What [the WMD search team] could not do was ask a question, should they find someone there. Yet they were supposed to ask questions under the guidelines for surveying a suspected secret police site such as this. One suggested query is, "Was there a lot of noise, such as people screaming?" Others ask about covered buses and unusual activity at night.

Anderson, the only team member learning Arabic, still does not have the ability to ask those questions. He has taught himself five phrases so far: "Good morning," "Good evening," "Drop your weapon," "That's dangerous," and "Keep away."

As Team 3 worked, it became evident more than once that even a passive reading knowledge would help.

On its way through one darkened corridor, the team reached an especially recalcitrant door. Sgt. Ivan Westrick, the team's explosive ordnance technician, swung the sledgehammer in a powerful arc that struck sparks with every blow, like flint on steel. A reporter later translated a snapshot of a sign across that door. It said, "No Smoking."

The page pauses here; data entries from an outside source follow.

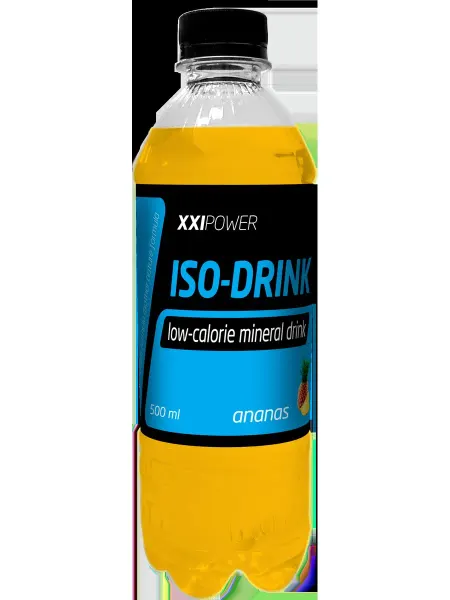 Напиток безалкогольный XXI POWER Изо-Дринк, со вкусом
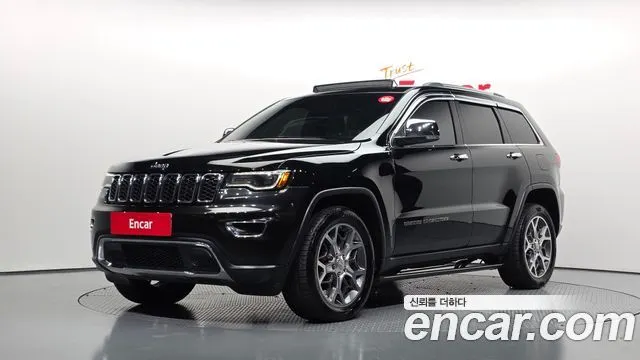 Jeep Cherokee 3.6 Limited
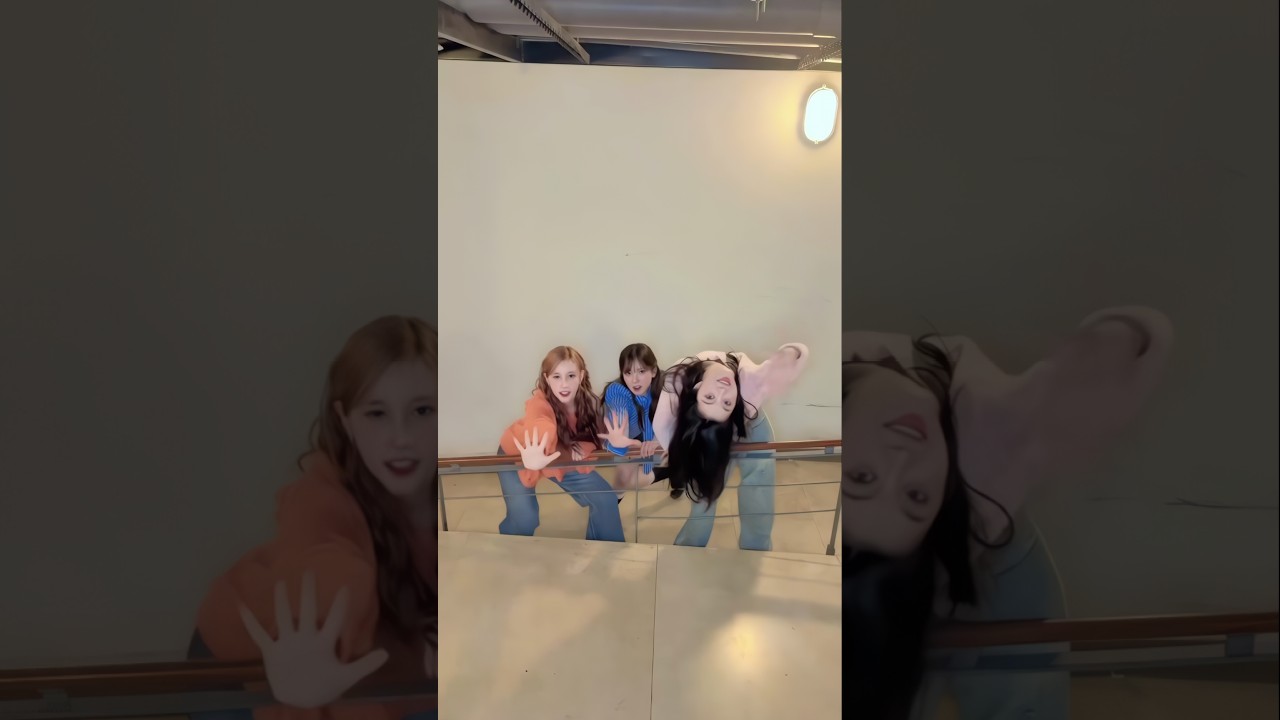 Yujin, Dayeon & Bahiyyih (안) 괜찮아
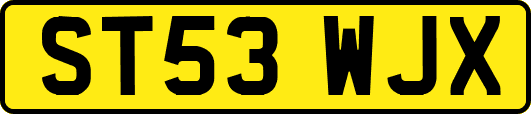 ST53WJX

A longer announcement, in bold red and blue strokes, attracted the team's attention. The sign had been positioned in such a way that Saddam Hussein, gazing sternly off the canvas of a youthful portrait, appeared to be reading it. Anderson wondered briefly what it might say.

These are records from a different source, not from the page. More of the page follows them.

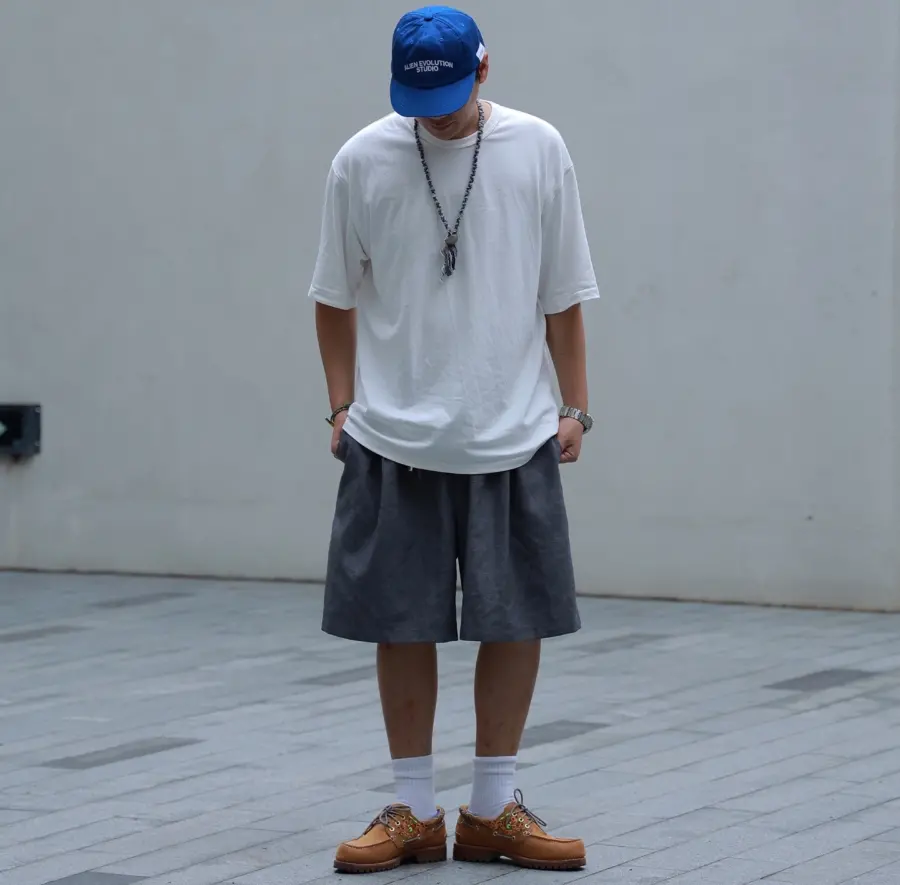 Giay Timberland x CLOT Classic 3‑Eye Lug 'Wheat' A5Z9BW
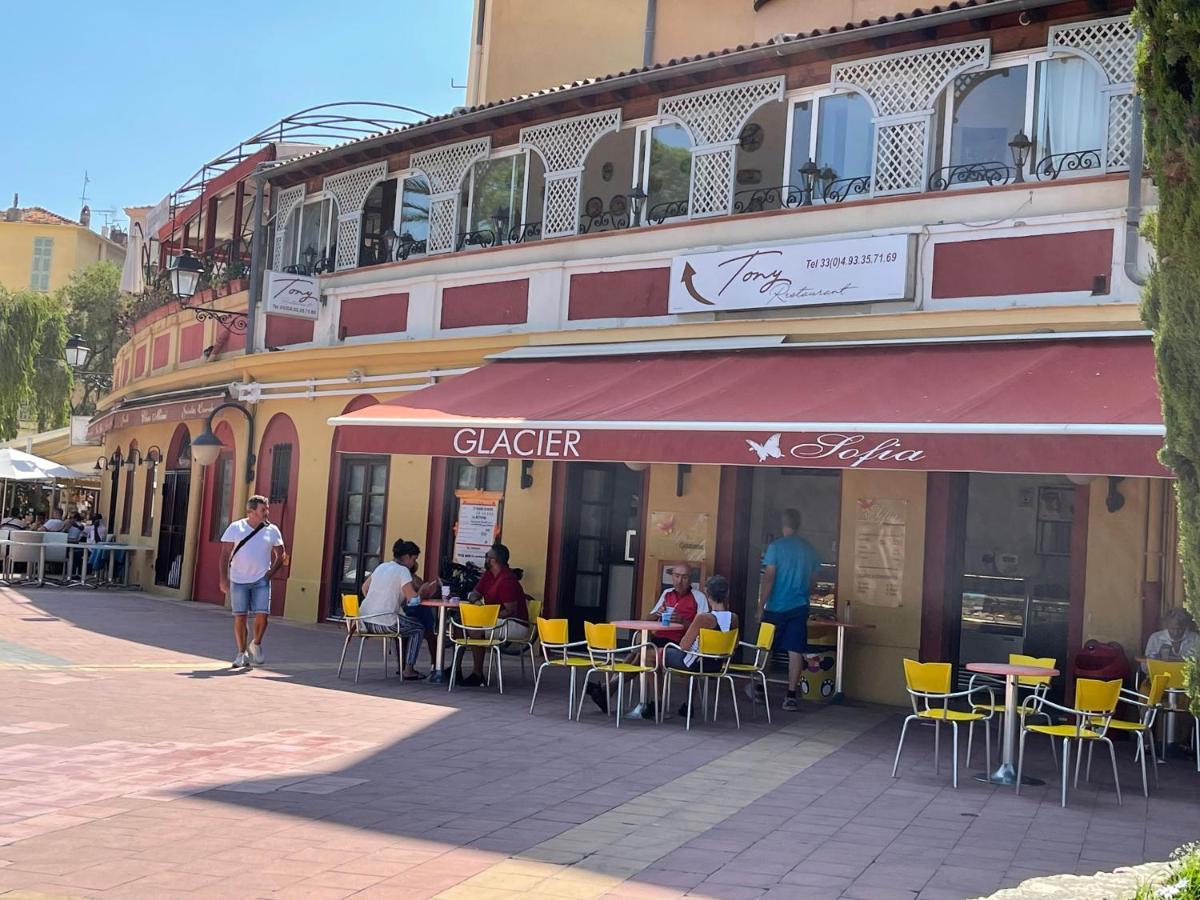 Location Saisonniere Menton 220 M Des Plages المظهر الخارجي الصورة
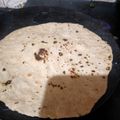 Reena Khurana का कुकस्नैप जब उन्होंने रोगनी रोटी(rogni roti recipe in hindi) बनाया था।
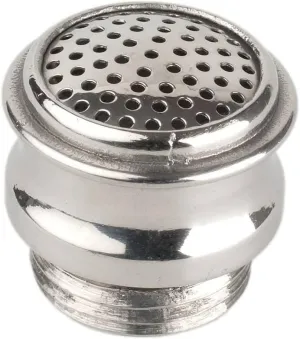 Petromax HK350/HK500 Burner Stainless Steel Lantern Accessory, 1" Diameter Thread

Had anyone known the answer then, the chamber of vacuum cleaners in the next corridor would have come as no surprise. Neither would the contents of the other sealed rooms: air conditioners, rolls of fabric, marble facing stones.

"Honorable Brother and Packer," the sign began. "Packaged goods cannot be returned after leaving the depot." The sign welcomed suggestions, apologized for delays, and thanked patrons for their cooperation. It concluded with a two-word signature: "STORAGE ADMINISTRATION."

We can't change the Internet overnight just by worrying about language. But we should at least recognize the magnitude of the problem. BlogTalk in Vienna is a good first step. My proposal to Tim O'Reilly: Hold the 2004 Emerging Technology conference in Brazil.